Quayle Blasts Media for Bush-Affair Reporting
Aug. 12, 1992
HUNTINGTON BEACH, Calif. (AP) _ Vice President Dan Quayle castigated the news media Wednesday for airing rumors of an extramarital affair by President Bush and charged they were trying to ''hurt the president and help Bill Clinton.''
''There's good journalism and there's bad journalism and I want to say something to you good journalists,'' Quayle told reporters accompanying him on a campaign trip to California. ''You are being overwhelmed by the bad journalism and the bad journalists of America.''
Good journalists don't print something ''that was investigated and was totally false,'' he said.
The issue arose Tuesday after the New York Post published stories based on an allegation in a book, ''The Power House'' by Susan B. Trento, that Bush had an affair with longtime aide Jennifer Fitzgerald, now a State Department official.
Quayle took the media to task for asking Bush about the report at a news conference with the prime minister of Israel and again in an Oval Office television interview.
''Look what you're talking about: a rumor, gossip from a dead person,'' he said.
The book says former disarmament negotiator Louis Fields, who died in 1988, had said he once arranged for Bush and Fitzgerald to use a guest house in Geneva.
Quayle urged the reporters to fulfill their responsibility ''to get good journalism in the forefront. And I say to your editors and your publishers and your producers and the networks that control the information that goes to the public, try to regain good journalism.''
''When you start talking about sleaze, I think some in the media ought to try looking in the mirror,'' the vice president said. ''Now what's the motivation in this? I can't think of any other motivating factor than that you want to hurt the president and help Bill Clinton.''
Quayle had dismissed a question Tuesday in Sacramento about the Post report as ''just outrageous.'' But his spokesman, David Beckwith, said Quayle watched the television coverage Tuesday night ''and had been fuming ever since.''
Quayle delivered his angry lecture on journalism ethics at a news conference at the McDonnell Douglas Space Co., where he assured workers ''your job is safe'' so long as the White House stays in Republican hands.

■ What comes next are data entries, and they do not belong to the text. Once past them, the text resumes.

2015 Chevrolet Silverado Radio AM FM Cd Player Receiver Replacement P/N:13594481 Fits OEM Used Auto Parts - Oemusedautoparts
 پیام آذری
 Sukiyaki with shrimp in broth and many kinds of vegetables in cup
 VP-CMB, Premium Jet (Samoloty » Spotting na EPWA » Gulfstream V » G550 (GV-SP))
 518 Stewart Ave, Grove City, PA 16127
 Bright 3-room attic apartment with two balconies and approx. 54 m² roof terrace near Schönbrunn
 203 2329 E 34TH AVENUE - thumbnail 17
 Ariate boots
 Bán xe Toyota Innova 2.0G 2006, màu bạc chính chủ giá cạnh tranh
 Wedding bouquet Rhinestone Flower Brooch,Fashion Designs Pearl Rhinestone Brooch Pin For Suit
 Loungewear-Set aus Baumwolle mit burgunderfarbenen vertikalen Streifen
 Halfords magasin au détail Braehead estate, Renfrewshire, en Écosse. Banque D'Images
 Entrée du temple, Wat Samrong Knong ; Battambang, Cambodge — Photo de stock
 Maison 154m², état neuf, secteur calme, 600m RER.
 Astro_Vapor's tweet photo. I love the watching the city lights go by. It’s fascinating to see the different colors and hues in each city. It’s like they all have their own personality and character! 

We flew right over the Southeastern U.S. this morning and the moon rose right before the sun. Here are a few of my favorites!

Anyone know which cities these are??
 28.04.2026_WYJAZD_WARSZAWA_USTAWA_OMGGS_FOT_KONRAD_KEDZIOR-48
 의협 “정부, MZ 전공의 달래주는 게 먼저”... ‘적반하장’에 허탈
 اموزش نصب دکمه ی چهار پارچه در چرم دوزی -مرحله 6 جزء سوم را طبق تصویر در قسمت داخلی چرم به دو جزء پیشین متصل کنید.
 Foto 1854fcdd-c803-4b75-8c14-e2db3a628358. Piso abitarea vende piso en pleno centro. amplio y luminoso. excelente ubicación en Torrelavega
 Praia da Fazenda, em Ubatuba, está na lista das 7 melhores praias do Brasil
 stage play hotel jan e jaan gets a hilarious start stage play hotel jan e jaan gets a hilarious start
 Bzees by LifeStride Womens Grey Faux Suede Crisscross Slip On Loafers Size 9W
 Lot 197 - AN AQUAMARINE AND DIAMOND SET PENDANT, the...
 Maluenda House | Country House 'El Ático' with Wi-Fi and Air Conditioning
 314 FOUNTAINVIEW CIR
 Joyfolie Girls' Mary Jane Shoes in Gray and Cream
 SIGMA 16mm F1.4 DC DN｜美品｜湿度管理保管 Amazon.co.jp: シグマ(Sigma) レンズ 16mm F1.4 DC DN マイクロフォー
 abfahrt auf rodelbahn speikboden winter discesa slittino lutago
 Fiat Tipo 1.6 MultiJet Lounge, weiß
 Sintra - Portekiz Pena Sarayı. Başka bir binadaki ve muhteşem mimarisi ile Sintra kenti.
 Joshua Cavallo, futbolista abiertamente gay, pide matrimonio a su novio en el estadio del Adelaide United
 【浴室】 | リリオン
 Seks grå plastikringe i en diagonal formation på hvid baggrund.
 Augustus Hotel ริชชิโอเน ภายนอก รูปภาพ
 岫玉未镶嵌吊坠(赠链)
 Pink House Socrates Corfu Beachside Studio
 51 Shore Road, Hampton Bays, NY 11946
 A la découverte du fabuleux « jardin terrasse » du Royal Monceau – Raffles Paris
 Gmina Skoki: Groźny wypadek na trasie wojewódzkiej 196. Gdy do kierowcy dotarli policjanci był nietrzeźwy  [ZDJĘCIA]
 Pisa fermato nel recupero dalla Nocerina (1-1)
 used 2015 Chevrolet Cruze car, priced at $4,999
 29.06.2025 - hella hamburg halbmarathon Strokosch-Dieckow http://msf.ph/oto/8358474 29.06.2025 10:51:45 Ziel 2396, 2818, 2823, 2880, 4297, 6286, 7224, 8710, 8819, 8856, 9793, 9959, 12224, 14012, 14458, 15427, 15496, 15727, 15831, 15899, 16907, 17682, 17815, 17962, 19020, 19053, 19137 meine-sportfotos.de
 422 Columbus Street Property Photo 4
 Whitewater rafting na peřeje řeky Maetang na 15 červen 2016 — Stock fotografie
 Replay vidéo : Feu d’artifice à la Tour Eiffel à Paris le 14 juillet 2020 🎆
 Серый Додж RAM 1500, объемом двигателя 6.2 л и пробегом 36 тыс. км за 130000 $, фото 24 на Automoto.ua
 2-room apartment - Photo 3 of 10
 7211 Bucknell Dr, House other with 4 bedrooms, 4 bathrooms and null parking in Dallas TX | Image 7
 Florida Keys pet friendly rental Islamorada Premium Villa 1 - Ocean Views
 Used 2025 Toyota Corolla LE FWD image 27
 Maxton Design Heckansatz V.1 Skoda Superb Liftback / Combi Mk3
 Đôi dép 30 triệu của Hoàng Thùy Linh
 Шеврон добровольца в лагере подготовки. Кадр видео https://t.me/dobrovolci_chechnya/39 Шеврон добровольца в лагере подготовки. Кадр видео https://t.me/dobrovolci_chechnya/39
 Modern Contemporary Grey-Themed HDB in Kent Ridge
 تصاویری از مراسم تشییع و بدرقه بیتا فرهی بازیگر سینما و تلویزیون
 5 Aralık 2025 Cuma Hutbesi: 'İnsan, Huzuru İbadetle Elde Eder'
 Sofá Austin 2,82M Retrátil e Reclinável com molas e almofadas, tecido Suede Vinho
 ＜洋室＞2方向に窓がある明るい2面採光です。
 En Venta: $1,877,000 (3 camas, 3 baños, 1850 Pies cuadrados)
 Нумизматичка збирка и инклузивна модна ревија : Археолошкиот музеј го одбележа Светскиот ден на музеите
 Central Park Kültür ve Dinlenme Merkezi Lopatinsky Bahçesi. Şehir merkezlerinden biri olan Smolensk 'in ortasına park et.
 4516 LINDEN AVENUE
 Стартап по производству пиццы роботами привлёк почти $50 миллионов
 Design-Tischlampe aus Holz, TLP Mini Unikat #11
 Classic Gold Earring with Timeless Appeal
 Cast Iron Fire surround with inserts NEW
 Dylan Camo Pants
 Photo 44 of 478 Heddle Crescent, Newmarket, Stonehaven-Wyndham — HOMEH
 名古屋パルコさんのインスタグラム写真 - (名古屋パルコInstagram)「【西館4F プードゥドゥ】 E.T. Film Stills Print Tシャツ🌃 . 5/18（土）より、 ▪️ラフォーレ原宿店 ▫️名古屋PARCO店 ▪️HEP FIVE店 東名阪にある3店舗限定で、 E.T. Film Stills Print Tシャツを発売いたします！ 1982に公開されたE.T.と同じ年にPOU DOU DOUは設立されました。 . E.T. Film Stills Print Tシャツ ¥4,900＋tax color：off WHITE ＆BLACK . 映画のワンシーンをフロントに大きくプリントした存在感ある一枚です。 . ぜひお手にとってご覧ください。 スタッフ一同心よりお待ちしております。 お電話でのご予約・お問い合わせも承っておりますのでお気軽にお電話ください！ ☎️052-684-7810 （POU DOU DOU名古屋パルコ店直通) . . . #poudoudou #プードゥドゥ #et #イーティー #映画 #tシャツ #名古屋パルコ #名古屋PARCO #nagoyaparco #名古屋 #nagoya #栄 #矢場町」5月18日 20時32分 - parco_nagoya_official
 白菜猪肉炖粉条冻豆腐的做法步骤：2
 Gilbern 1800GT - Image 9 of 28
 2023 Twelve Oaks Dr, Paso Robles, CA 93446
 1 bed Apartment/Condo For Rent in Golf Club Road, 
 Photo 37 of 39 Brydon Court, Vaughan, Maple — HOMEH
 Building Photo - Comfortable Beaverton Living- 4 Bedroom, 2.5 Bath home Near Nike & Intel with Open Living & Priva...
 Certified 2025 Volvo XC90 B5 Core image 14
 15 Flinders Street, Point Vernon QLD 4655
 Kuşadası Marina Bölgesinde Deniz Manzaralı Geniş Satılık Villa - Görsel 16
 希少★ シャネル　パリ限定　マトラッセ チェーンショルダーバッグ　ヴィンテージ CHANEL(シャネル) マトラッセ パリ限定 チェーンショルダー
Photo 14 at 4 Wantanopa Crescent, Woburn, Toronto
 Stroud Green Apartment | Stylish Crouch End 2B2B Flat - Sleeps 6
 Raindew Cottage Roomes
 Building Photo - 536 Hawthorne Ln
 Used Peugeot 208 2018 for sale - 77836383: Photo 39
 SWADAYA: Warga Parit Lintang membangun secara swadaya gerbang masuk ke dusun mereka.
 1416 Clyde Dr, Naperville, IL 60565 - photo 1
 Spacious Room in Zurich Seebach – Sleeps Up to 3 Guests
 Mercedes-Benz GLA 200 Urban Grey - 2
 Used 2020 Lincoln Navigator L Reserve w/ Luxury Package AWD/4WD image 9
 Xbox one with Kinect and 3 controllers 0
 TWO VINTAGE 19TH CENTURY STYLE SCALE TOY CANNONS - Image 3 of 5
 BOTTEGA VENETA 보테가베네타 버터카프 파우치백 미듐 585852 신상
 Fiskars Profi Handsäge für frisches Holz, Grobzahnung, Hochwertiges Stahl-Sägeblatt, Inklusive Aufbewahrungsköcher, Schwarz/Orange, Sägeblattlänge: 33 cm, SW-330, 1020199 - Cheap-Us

Quayle, winding up a three-day swing through this state reeling from the recession and deep cuts in aerospace and defense, drew cheers from several thousand flag-waving workers at McDonnell Douglas, the biggest single contractor on the $30 billion space station Freedom.
Boos rang out when two workers held aloft Clinton signs.
''As long as George Bush is president, the space station is safe and so is your job,'' Quayle said.
McDonnell Douglas' parent company on Monday unveiled a corporate restructuring that will streamline its divisions and close a parts plant in Columbus, Ohio, with nearly 1,000 jobs. Earlier the defense giant had announced two plant closings in California.
The Bush administration has fought to keep the space station alive against critics in Congress who want the money spent on domestic programs. The House in late July beat back the latest attempt to kill the space station and approved $1.7 billion for fiscal 1993 or $300 million less than the Bush administration requested.
Kenneth A. Francis, president of McDonnell Douglas Space Systems, hailed the vice president, who chairs the Space Council, as ''the strongest supporter of space programs in America today.''
''Being No. l in space is in our national security interest and that's the way we're going to keep it,'' Quayle said.
Quayle aides said Clinton and Al Gore have supported the space station, which would be ferried into orbit aboard the space shuttle during 17 missions from 1995 to 2000.
But Quayle charged that Clinton would cut defense spending ''by $60 billion more than we believe is safe for national security and our industrial base.''
Valerie Barrett, a McDonnell Douglas worker from Huntington Beach, said she supports Quayle, adding, ''You betcha. He gives us our jobs.''
But Shawn Franks, 28, of Yucaipa, said he was switching his allegiance to the Democrats. ''It's been a long, hard four years and it doesn't seem much has gone like it should,'' he said.